Lisa Lane has written a blog post - The Guiding Force - that has captured my interest. In her post, she asks us to identify our ‘guiding forces’ in planning our work as teachers – or as she calls them – instructors. (As an aside, I find the use of language here an interesting cultural (?) difference – I assume it is a cultural difference – because I interpret ‘instruct ‘differently to ‘teach’).
For me my guiding forces (as they stand now – but this has not always been the case) are informed by my involvement with MOOCs and connectivism. I cannot think of better guiding forces than autonomy, diversity, openness and connectedness – the four principles of learning in Moocs (described by Stephen Downes ) – with for me an emphasis on autonomy. If we understand what we mean by autonomy (which Carmen Tschofen and I have discussed as ‘psychological autonomy’ – autonomy as an expression of the self – in a paper we have had accepted by IRRODL – but not yet published), then diversity, openness and connectedness all fall into place.

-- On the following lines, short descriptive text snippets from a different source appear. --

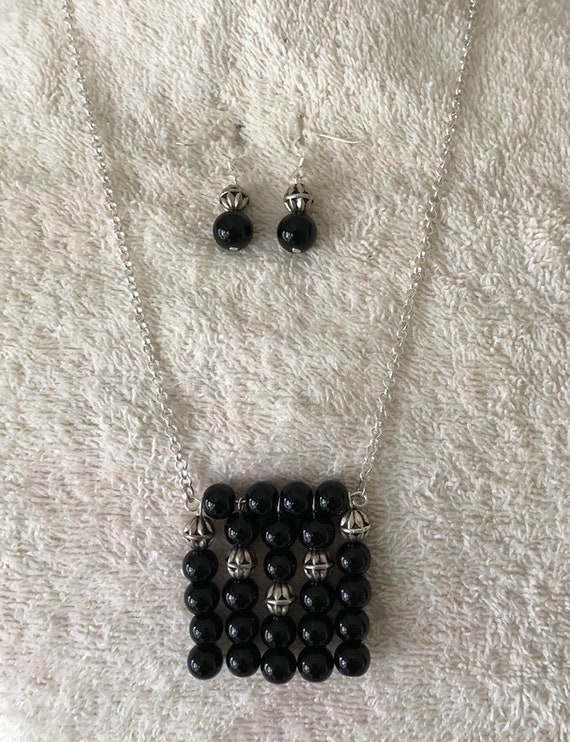 Black Beauty in Beads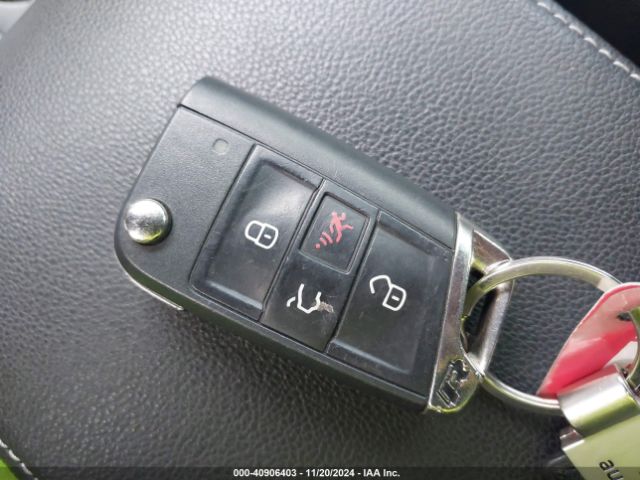 WVWVA7AU4KW216382 Volkswagen Golf R 2.0t W/dcc   Navigation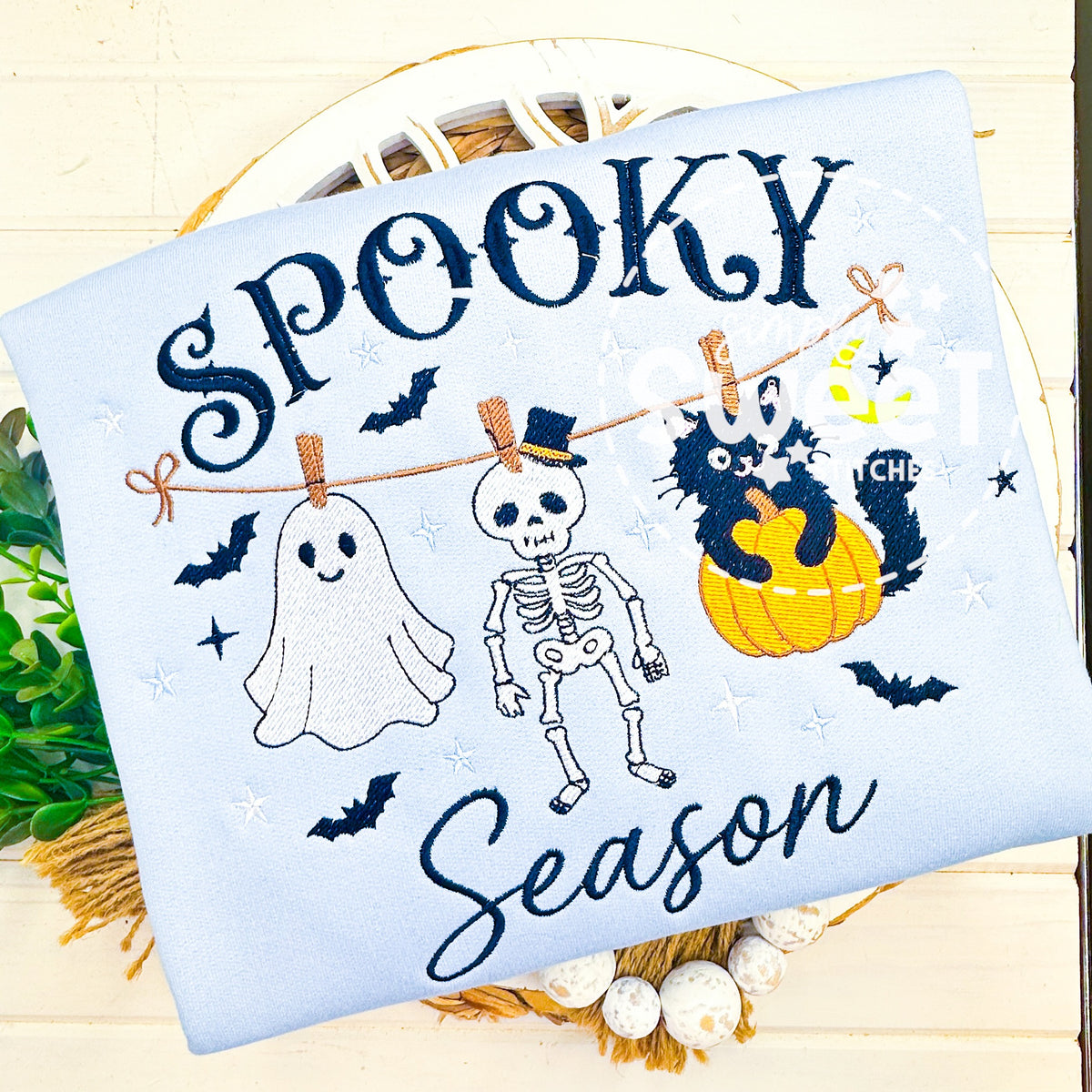 3004 | SPOOKY SEASON CAT SKELETON GHOST LINEUP | ADULT SWEATSHIRT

I think assessment would also fall into place – because it would mean that the control of assessment would be in the hands of the autonomous learners – but as yet I can’t see clearly how this would work – other than it would need to be negotiated. So, if autonomy is the ‘guiding force’ and part of that autonomy is that students want their efforts to be validated and accredited – then students will need to have much more control over their assessment. But where does this leave ‘the expert’ and will students have the skills to take control of their assessment?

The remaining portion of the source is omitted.